• _RECORDED INFORMATION_:
- Opening Delimiter -

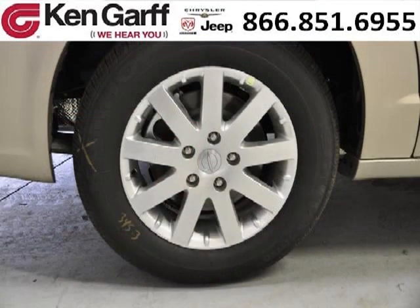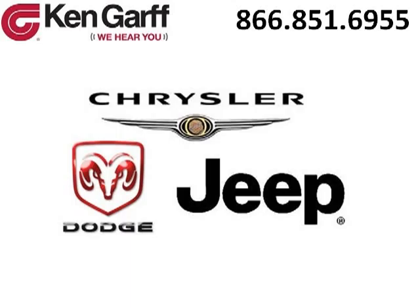Come in today and take a look for yourself. Ken Garff Dodge Chrysler Jeep West Valley is the dealership for you, conveniently located in West Valley, Utah off of Route 171.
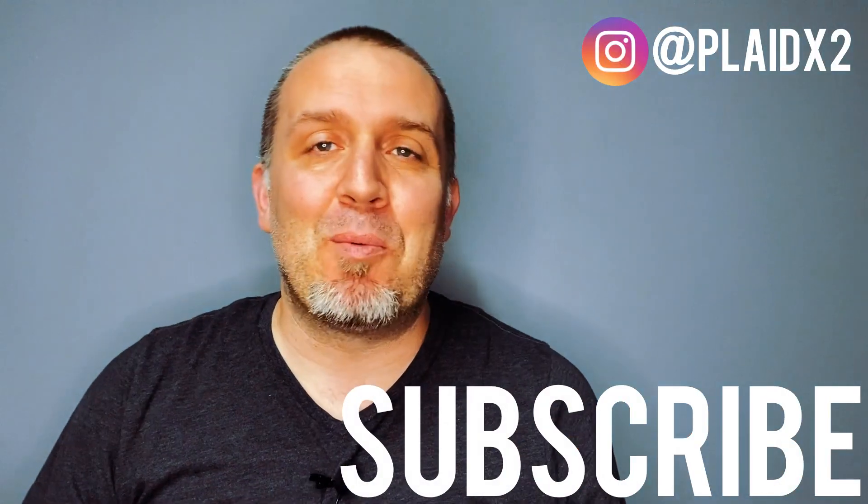Hey friends, welcome to the Playdex2 channel. My name is John. On this channel we talk all things physical media — movies, music, and books. So if you're into that kind of thing, go ahead and subscribe down below for more of that kind of content.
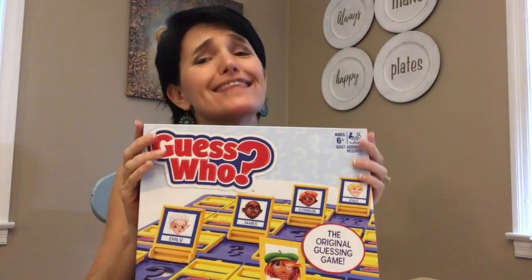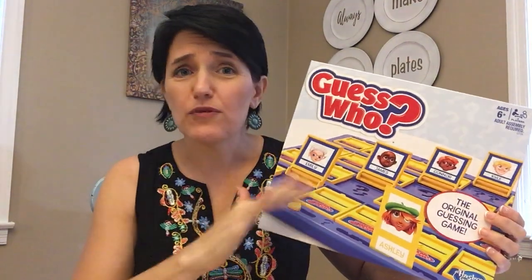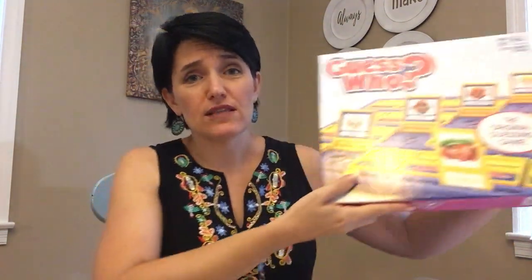Another fun thing to do is bring board games that don't have a lot of pieces. The tried and true Guess Who game — it just flips up, the pieces don't fall out, and there are not a lot of cards and moving parts. So this keeps them busy in the car as well for a really long road trip.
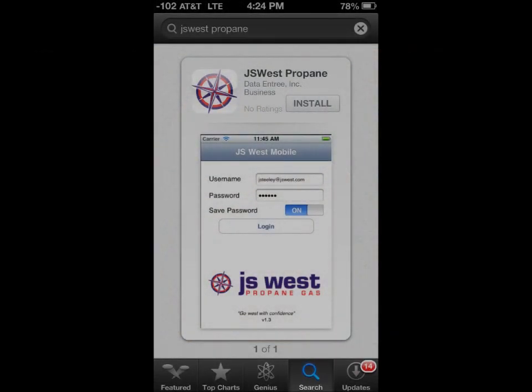One of the benefits of this monitor is that we now have an app through JS West. If you have an iPhone, you can download the JS West app and at any time, from anywhere, you can see what the percentage of fuel in your tank is. You'll also get a low tank warning if you have this app.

- Closing Delimiter -

• _THE TASK_:
Output the complete listing exactly as it appears, except for the images.

• _OUTPUT FOR THIS EXERCISE_:
Come in today and take a look for yourself. Ken Garff Dodge Chrysler Jeep West Valley is the dealership for you, conveniently located in West Valley, Utah off of Route 171.
Hey friends, welcome to the Playdex2 channel. My name is John. On this channel we talk all things physical media — movies, music, and books. So if you're into that kind of thing, go ahead and subscribe down below for more of that kind of content.
Another fun thing to do is bring board games that don't have a lot of pieces. The tried and true Guess Who game — it just flips up, the pieces don't fall out, and there are not a lot of cards and moving parts. So this keeps them busy in the car as well for a really long road trip.
One of the benefits of this monitor is that we now have an app through JS West. If you have an iPhone, you can download the JS West app and at any time, from anywhere, you can see what the percentage of fuel in your tank is. You'll also get a low tank warning if you have this app.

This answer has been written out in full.